> _REQUIRED WORK_
For every record, give an exact copy that has no pictures in it.

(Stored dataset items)

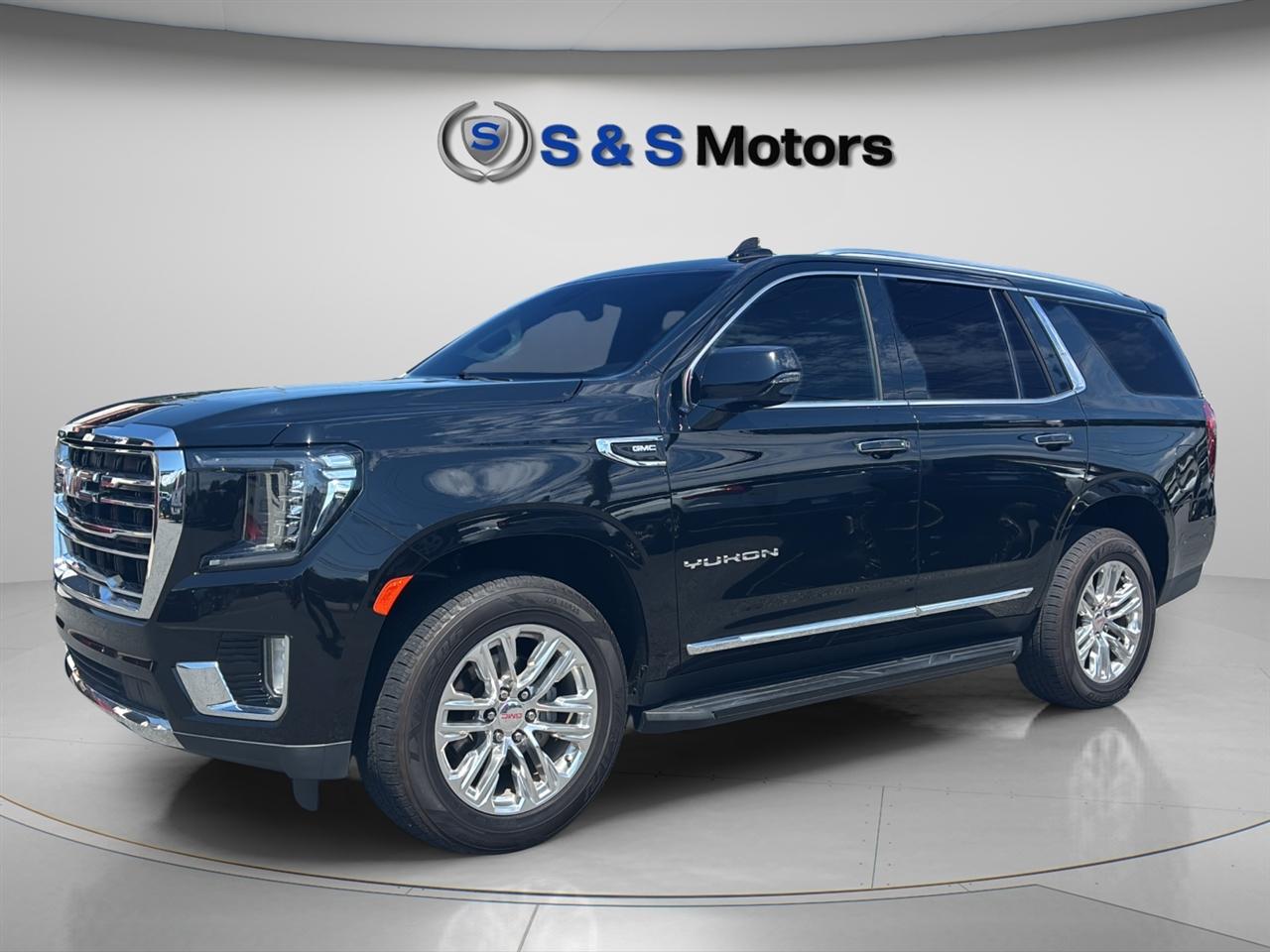 GMC Yukon 2WD 4dr SLT 2021
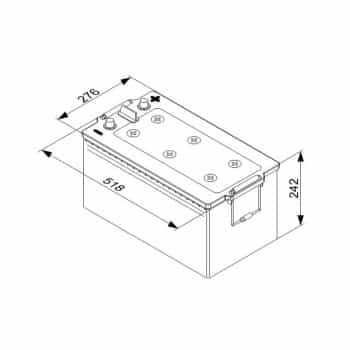 Batterie de démarrage T4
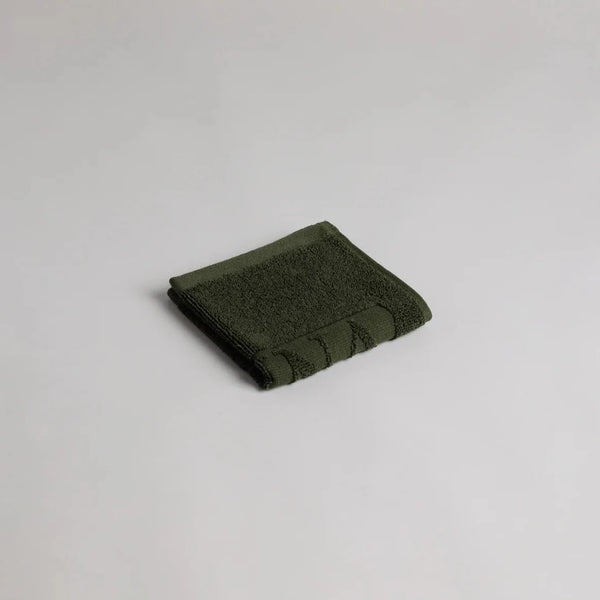 Face Towel Agnes - Moss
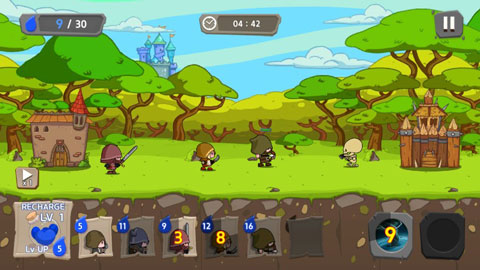 皇家塔防王中文版截图2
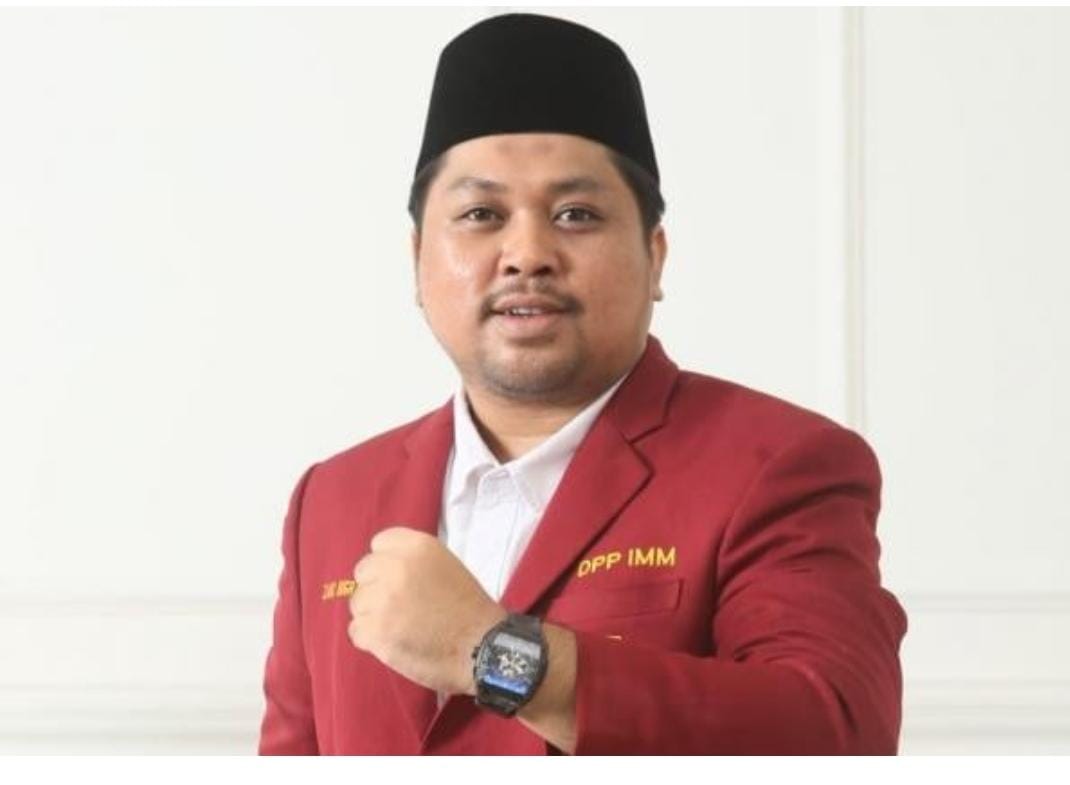 Ketua Umum terpilih Ikatan Mahasiswa Muhammadiyah, Zaki Nugraha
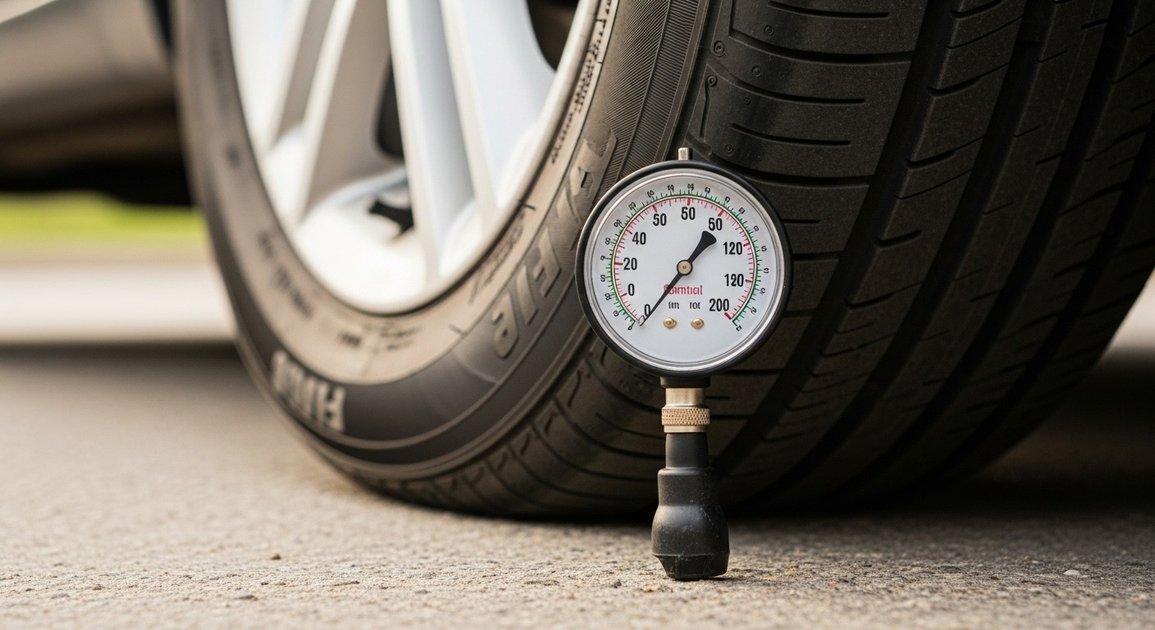 타이어 공기압 왜 중요할까요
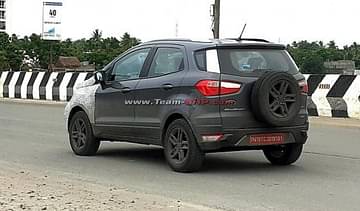 2021 Ford EcoSport Facelift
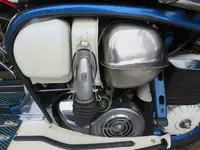 1966 Lambretta SX200 198cc-For Sale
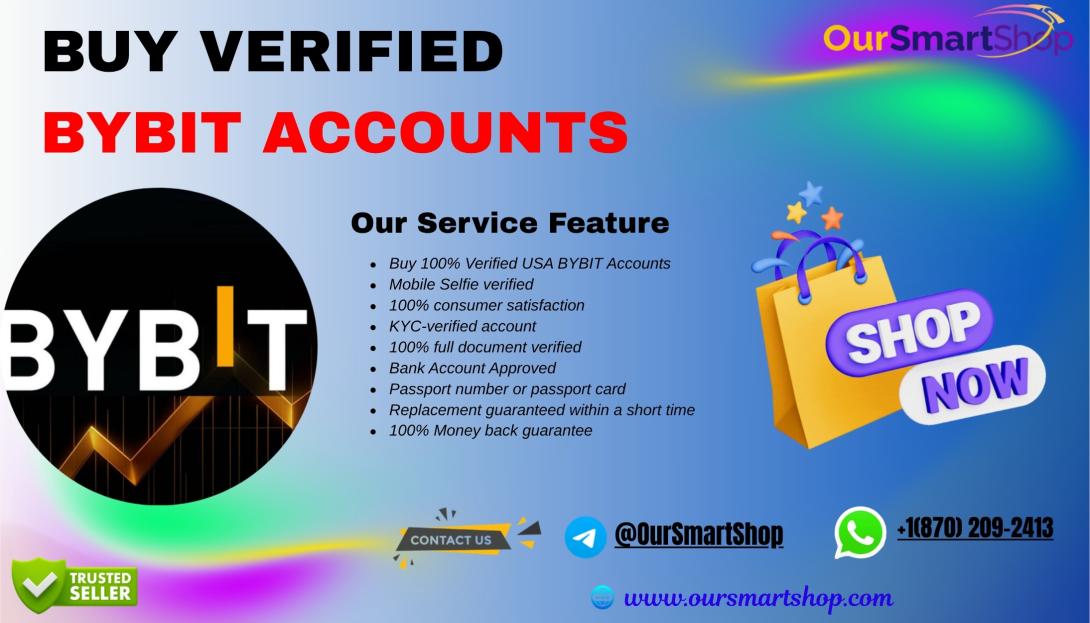 Buy Verified Bybit Accounts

> _ANSWER BOX_
 GMC Yukon 2WD 4dr SLT 2021
 Batterie de démarrage T4
 Face Towel Agnes - Moss
 皇家塔防王中文版截图2
 Ketua Umum terpilih Ikatan Mahasiswa Muhammadiyah, Zaki Nugraha
 타이어 공기압 왜 중요할까요
 2021 Ford EcoSport Facelift
 1966 Lambretta SX200 198cc-For Sale
 Buy Verified Bybit Accounts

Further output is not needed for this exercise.